In the mid-90s, I worked for a big securities firm, as head of marketing. I was proud of the fact that under my leadership we developed one of the first on-line interactive retirement planning tools. My big contribution was that I made sure the plan could assume different retirement ages for the husband and wife. Up until that point, there was just one retirement age…his.
I played with the system a lot, and kept trying to make the numbers work with the wife retiring at an age like…oh, say, 47. It never did work, and it was the first time I realized that all the talk then about early retirement might just be a lot of talk.
Flash forward to now. After leaving the company and starting my own practice, which was a variable blend of writing, talking and coaching, I kind of figured that mix was going to be my working life until I headed off to the Hebrew Home for the Aged. Then life surprised me, and I accidentally started a new business six months ago.

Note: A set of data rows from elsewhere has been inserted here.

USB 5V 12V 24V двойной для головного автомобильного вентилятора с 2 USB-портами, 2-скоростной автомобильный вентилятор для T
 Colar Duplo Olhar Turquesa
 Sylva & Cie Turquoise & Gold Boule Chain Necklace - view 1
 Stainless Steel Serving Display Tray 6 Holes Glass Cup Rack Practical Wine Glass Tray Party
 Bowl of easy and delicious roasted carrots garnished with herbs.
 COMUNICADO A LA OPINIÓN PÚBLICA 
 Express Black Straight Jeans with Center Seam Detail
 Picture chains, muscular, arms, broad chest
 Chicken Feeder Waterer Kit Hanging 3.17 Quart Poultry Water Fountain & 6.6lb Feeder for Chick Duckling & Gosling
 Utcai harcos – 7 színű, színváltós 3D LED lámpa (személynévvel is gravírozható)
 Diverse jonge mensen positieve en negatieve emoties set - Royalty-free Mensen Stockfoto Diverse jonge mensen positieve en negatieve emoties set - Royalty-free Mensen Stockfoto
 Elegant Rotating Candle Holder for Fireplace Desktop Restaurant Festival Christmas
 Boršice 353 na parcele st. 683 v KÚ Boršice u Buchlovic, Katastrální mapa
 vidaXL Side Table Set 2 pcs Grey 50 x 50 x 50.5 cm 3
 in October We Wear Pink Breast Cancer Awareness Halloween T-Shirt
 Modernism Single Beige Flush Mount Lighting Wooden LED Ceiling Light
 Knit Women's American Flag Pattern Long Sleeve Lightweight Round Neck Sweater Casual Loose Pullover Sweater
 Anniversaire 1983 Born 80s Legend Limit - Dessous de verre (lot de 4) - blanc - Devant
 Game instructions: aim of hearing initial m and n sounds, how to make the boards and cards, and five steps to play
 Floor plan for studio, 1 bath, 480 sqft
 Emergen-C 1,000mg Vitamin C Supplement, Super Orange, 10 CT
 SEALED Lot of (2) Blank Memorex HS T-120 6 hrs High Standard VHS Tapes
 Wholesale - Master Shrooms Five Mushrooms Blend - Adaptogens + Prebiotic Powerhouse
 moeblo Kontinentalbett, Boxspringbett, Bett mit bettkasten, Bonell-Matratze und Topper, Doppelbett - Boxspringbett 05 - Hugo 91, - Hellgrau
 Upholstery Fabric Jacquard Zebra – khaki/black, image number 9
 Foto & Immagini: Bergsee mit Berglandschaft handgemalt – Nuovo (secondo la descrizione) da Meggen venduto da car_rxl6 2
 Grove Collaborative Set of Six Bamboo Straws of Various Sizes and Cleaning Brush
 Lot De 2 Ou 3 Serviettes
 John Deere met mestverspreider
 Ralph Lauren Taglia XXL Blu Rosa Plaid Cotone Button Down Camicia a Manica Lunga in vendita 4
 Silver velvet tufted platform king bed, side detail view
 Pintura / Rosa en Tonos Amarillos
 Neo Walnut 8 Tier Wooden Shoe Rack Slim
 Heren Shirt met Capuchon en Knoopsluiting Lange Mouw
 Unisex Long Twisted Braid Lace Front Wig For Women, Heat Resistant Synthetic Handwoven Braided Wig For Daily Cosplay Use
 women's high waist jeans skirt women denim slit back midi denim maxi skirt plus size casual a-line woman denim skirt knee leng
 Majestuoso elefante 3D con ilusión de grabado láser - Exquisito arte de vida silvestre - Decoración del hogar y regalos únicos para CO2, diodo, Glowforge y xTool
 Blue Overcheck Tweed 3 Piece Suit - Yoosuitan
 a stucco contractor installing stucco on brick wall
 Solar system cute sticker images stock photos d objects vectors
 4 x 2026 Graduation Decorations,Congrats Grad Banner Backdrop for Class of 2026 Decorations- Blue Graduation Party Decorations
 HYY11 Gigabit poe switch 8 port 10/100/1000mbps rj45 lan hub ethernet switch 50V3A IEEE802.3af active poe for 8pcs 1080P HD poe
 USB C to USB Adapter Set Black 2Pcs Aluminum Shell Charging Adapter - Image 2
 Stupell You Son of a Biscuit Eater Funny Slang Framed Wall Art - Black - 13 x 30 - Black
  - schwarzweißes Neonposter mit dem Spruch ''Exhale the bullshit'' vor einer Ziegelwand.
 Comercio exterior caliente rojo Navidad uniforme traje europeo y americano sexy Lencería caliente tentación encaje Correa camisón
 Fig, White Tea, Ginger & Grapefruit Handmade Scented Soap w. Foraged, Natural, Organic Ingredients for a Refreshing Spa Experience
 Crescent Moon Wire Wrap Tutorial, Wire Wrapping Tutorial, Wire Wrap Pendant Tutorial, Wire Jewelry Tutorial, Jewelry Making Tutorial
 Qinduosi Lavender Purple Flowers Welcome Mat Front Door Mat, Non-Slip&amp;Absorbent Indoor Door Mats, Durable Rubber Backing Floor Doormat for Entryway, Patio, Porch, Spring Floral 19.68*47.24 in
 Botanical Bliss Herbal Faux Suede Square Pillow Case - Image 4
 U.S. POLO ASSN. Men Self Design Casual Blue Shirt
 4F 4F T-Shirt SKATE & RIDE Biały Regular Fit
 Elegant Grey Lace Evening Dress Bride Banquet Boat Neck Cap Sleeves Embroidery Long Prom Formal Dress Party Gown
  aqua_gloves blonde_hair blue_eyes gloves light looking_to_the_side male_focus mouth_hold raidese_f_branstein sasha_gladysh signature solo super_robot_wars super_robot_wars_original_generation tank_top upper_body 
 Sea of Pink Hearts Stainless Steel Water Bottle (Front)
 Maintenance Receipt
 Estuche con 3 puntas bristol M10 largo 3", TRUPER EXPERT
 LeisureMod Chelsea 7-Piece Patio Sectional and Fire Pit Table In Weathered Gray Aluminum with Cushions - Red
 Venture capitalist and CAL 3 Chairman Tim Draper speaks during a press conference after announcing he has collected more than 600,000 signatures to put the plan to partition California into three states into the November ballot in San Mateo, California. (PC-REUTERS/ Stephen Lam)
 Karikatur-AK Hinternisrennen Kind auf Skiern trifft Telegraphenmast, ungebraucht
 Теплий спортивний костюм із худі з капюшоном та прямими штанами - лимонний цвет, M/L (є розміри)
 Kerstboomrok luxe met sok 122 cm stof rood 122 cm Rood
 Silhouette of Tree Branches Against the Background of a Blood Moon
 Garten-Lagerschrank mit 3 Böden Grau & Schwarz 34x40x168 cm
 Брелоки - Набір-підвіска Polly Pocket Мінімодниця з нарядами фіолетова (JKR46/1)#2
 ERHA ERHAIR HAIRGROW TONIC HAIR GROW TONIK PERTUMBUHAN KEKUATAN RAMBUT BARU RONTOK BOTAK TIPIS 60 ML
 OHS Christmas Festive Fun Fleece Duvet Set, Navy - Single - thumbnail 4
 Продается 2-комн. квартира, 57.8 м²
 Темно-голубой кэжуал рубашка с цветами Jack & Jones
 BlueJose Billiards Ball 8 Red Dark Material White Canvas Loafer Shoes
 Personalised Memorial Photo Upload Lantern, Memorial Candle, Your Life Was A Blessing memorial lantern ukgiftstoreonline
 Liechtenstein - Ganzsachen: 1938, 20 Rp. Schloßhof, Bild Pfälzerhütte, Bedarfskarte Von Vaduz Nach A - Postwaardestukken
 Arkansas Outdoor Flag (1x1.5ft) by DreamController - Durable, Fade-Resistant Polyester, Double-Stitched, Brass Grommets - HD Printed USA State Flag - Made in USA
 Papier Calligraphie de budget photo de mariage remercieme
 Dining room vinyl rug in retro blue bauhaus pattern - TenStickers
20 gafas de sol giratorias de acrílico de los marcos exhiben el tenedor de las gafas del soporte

The business is a high tech firm that specializes in helping people get the most out of their careers, businesses, and life.
What I have learned is that I’m not alone in having a less than tidy career. Very few people have perfect career plans, and no one has simple career trajectories. What many of us have learned is that not only is no one retiring at 47, very few of us would be smart to retire at 57, or even 67. As I write this, the economy looks at best, unpredictable, and anyway, tomatoes are meant for more than three decades of trying to find ways to fill the day.
What that means for tomatoes is that we have to once again how to figure out what we are going to be when we grow up.
There are a lot of great tools and advice books and coaches to help you figure out how to do this, but they all start at the same place…frog kissing.
Frog kissing means the messy process of talking to a bunch of other people about what they do, to see if any of it sounds like something you want to do, and then taking a stab at doing that, and seeing if it works.
The bad news is that this can be really frustrating and you can sound like an idiot while you’re in the midst of it. The good new is that it works. And that you can meet a lot of great people along the way, and find a new set of relationships and activities that keep tomatoes saucy instead of soggy.
In my case, I now realize I have been thinking about doing something else for a while. I had this impulse to do something with women and video, but long after YouTube owned that space. Then I wanted to do something with wellness, until a friend who had almost gone bankrupt in a health care business asked me a lot of questions about the idea that I couldn’t answer. Then I thought I would get a PR firm to take me on as a senior advisor in some capacity until I actually met with a few and found out they didn’t think it was as good an idea as I did.
Every one of these frog kisses took me to my new shining prince of a business. Not by the fastest route, but by the one that came from a deeper place in me, which feels like the freedom we grown up women get in return for decades of pleasing others first.
Which brings me to the realization that I have two pieces of advice, not one. When getting ready for a career transition, you need to both kiss frogs…and tell. Telling other people what you need and want is how we get ready to star in our next act.